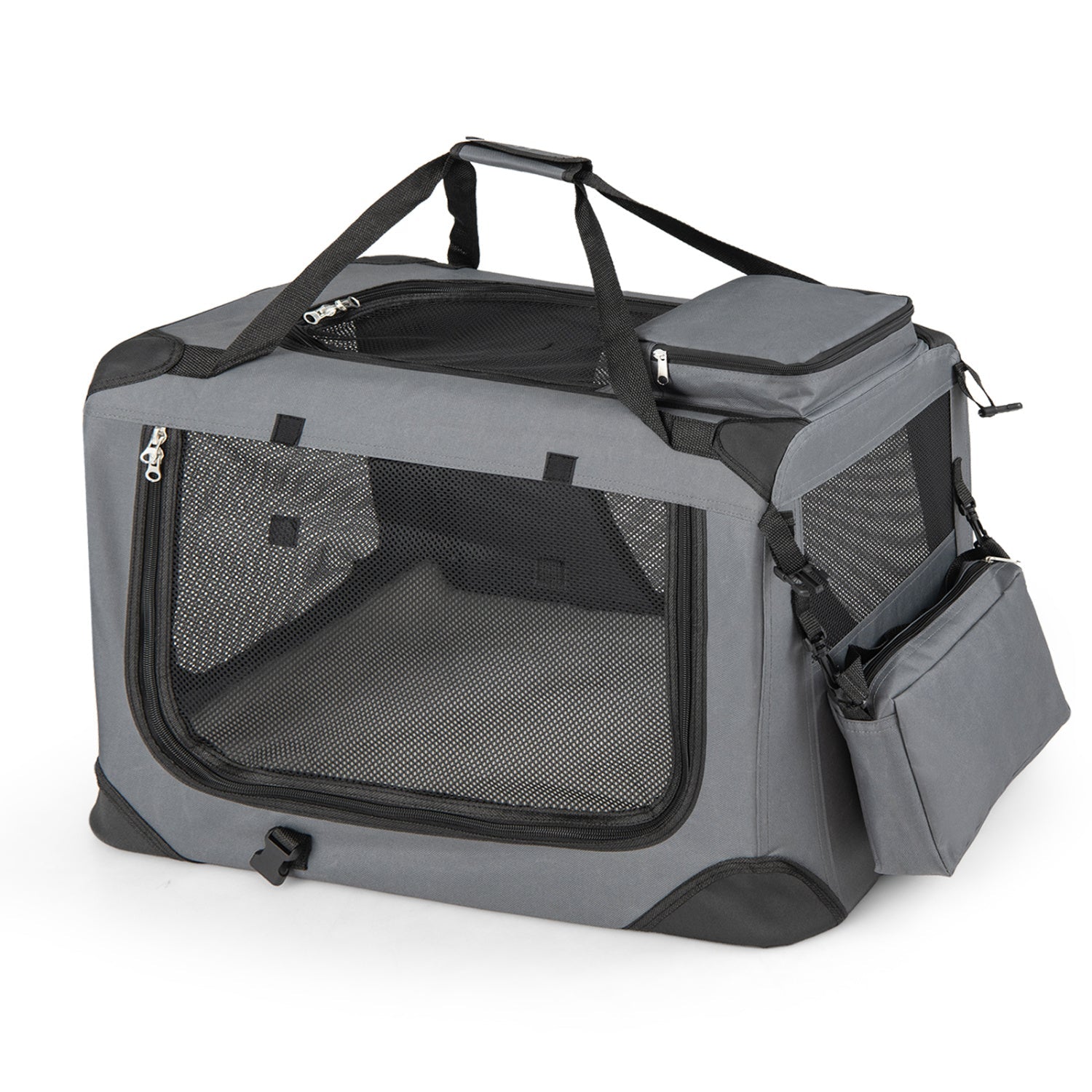 Soft Collapsible Dog Crate with Mesh Windows and 3 Doors
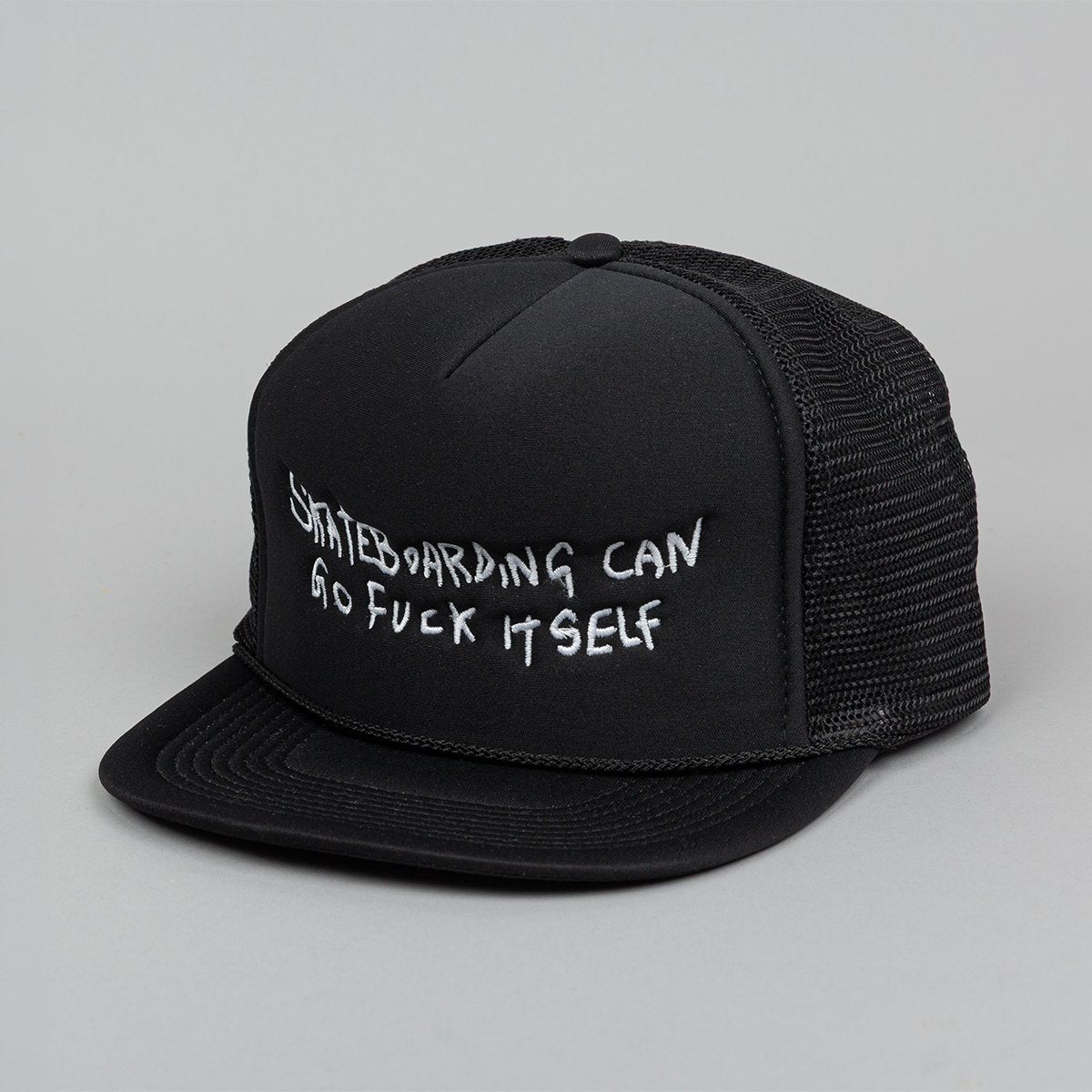 Skateboarding Can Go Fuck Itself Trucker Hat - Black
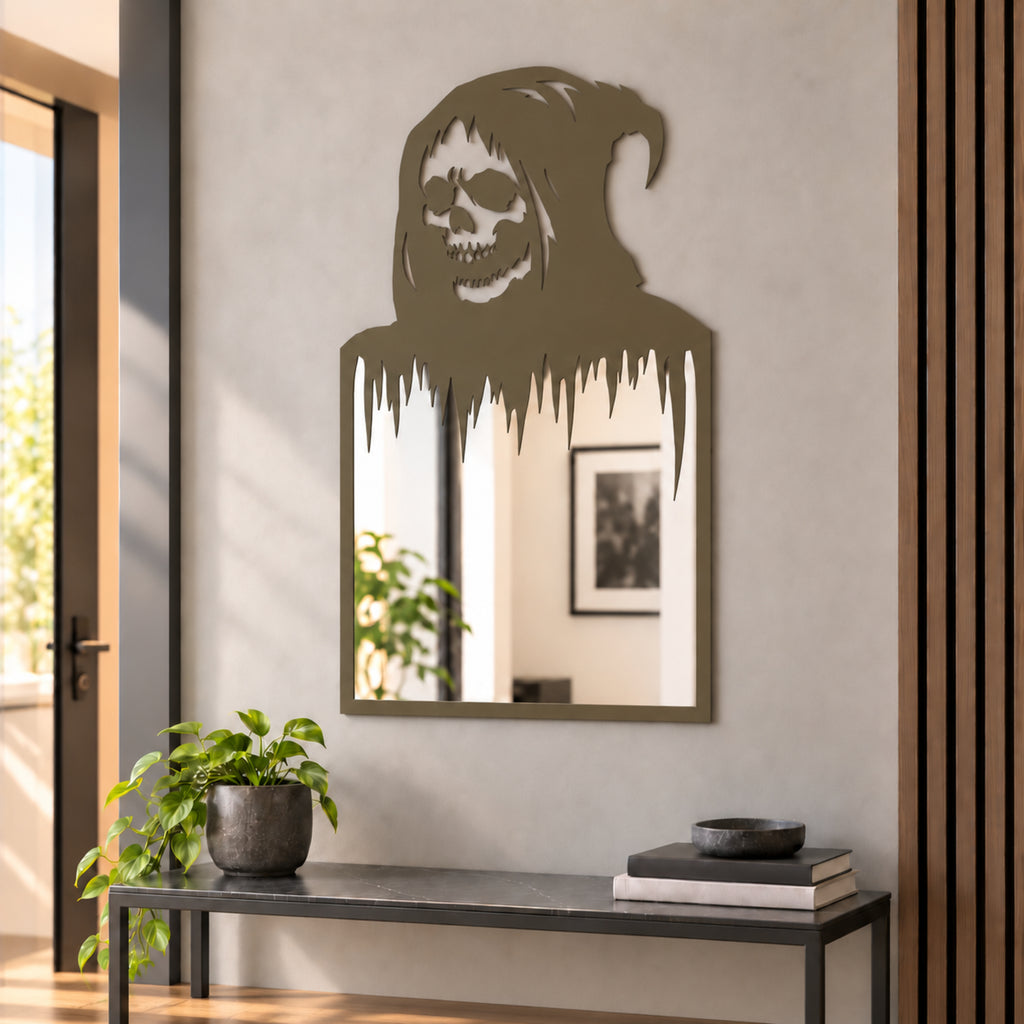 Gothic Skull Wall Mirror | Black Metal Decorative Mirror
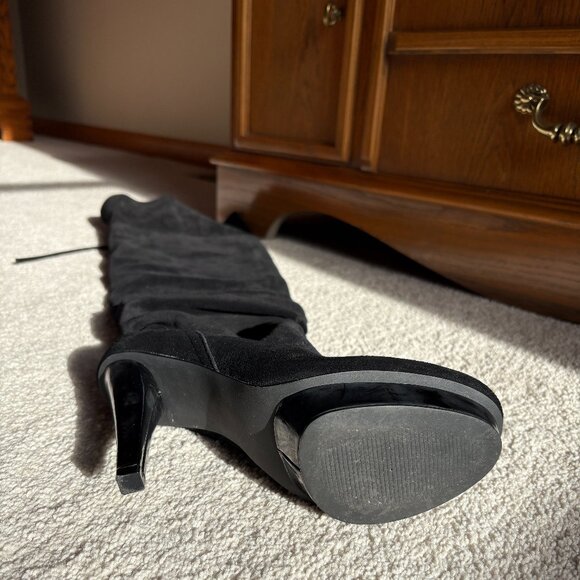 Steve Madden Xenonn Black Suede Over the Knee Platform Boots, 8.5 - Picture 5 of 7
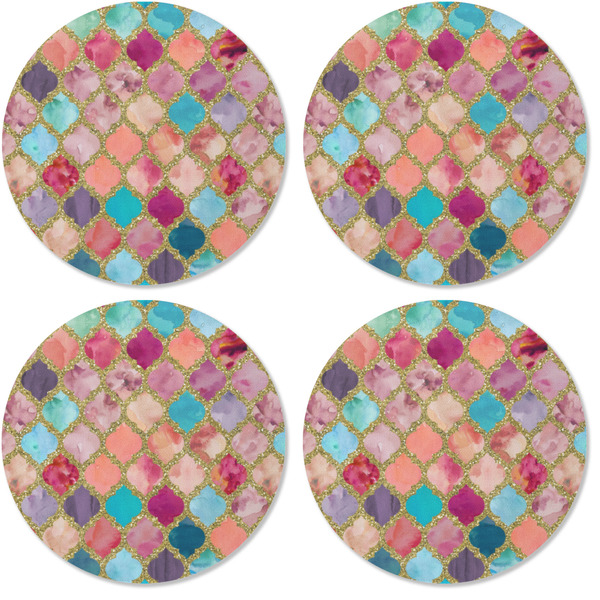 Glitter Moroccan Watercolor Coaster Round Rubber Back - Apvl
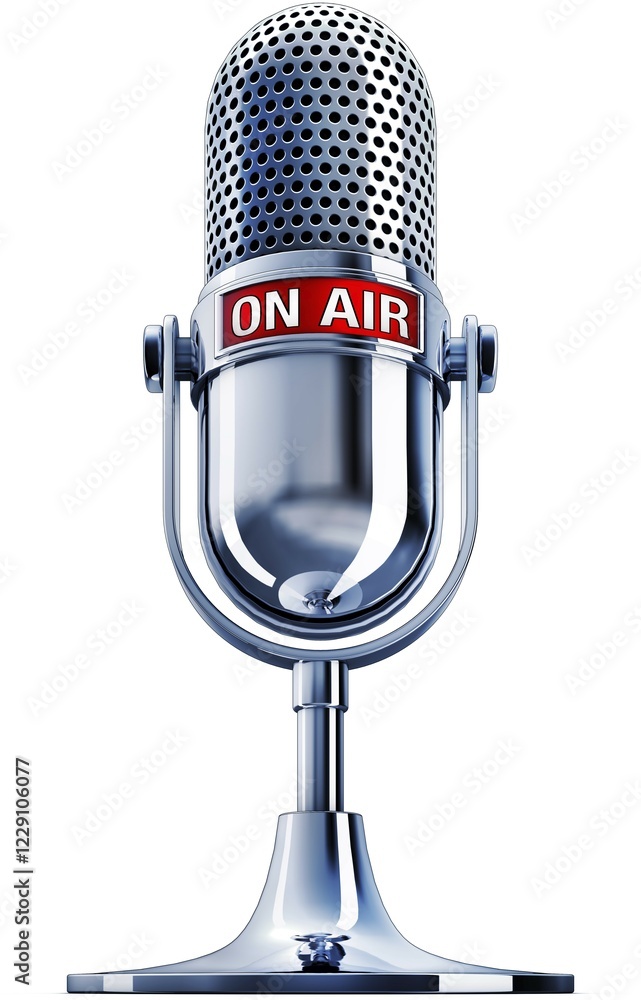 Poster high resolution 3d rendering of a microphone with a on air icon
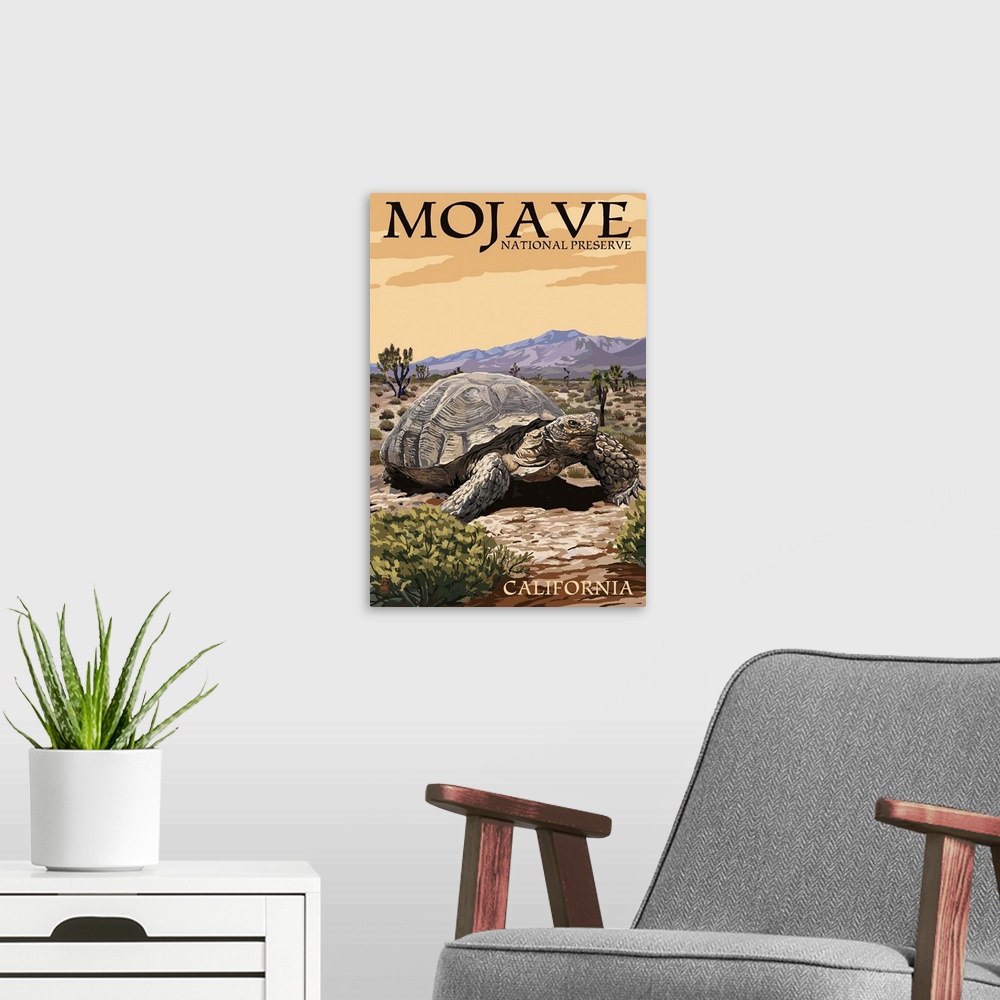 A modern room featuring Tortoise - Mojave National Preserve, California: Retro Travel Poster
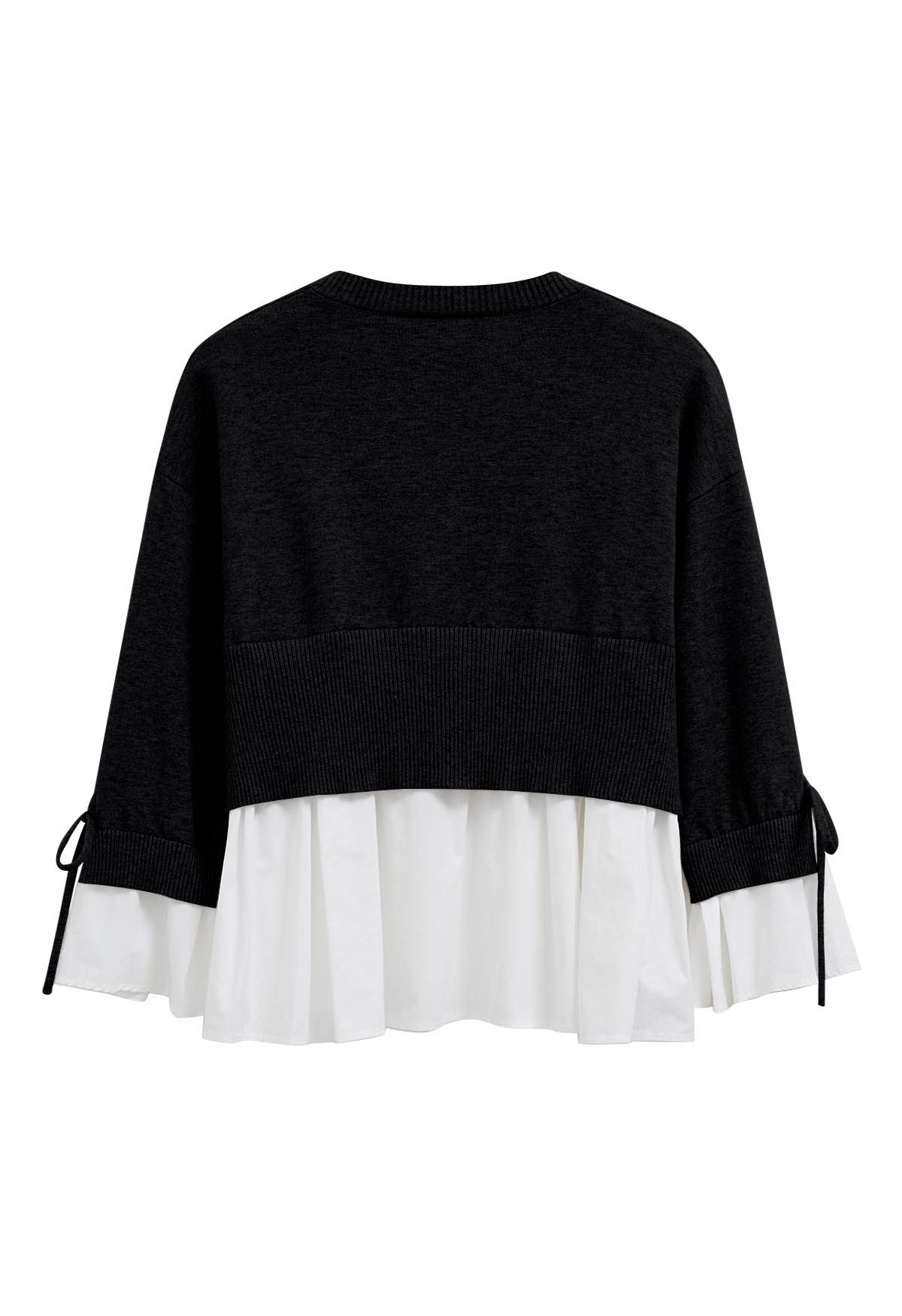 Tie-String Cuffs Spliced Cotton Hem Knit Top in Black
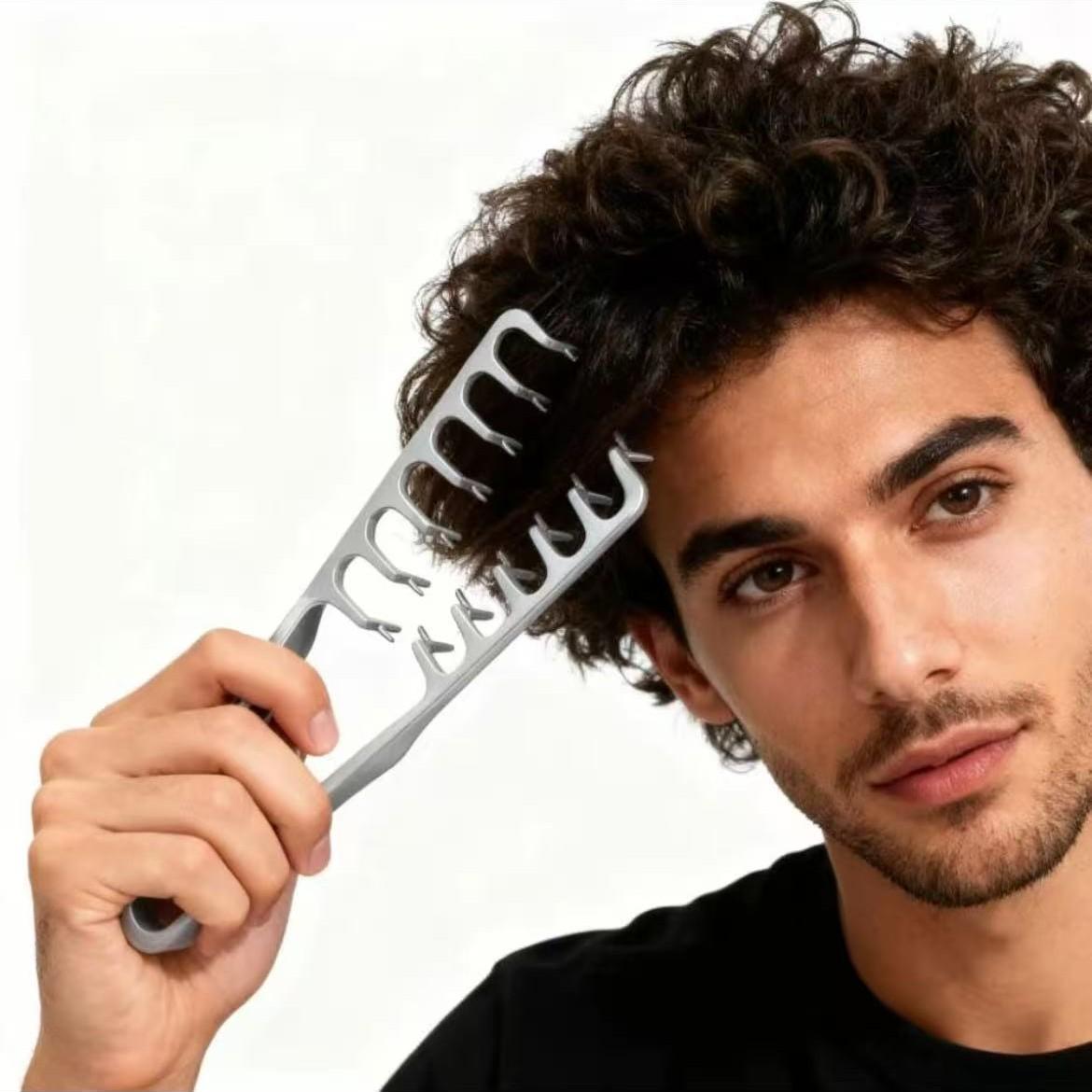 Olumizing Wide-Tooth Hair Styling Comb, 2-In-1 Fluffy Textured Tool, Root Volumizer, Korean Style, Seam Covering, Bang Hair Combs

━━━━━━━━━━━━━━━━

Omit every picture while printing the data word for word.

● TASK OUTPUT:
 Soft Collapsible Dog Crate with Mesh Windows and 3 Doors
 Skateboarding Can Go Fuck Itself Trucker Hat - Black
 Gothic Skull Wall Mirror | Black Metal Decorative Mirror
 Steve Madden Xenonn Black Suede Over the Knee Platform Boots, 8.5 - Picture 5 of 7
 Glitter Moroccan Watercolor Coaster Round Rubber Back - Apvl
 Poster high resolution 3d rendering of a microphone with a on air icon
 A modern room featuring Tortoise - Mojave National Preserve, California: Retro Travel Poster
 Tie-String Cuffs Spliced Cotton Hem Knit Top in Black
 Olumizing Wide-Tooth Hair Styling Comb, 2-In-1 Fluffy Textured Tool, Root Volumizer, Korean Style, Seam Covering, Bang Hair Combs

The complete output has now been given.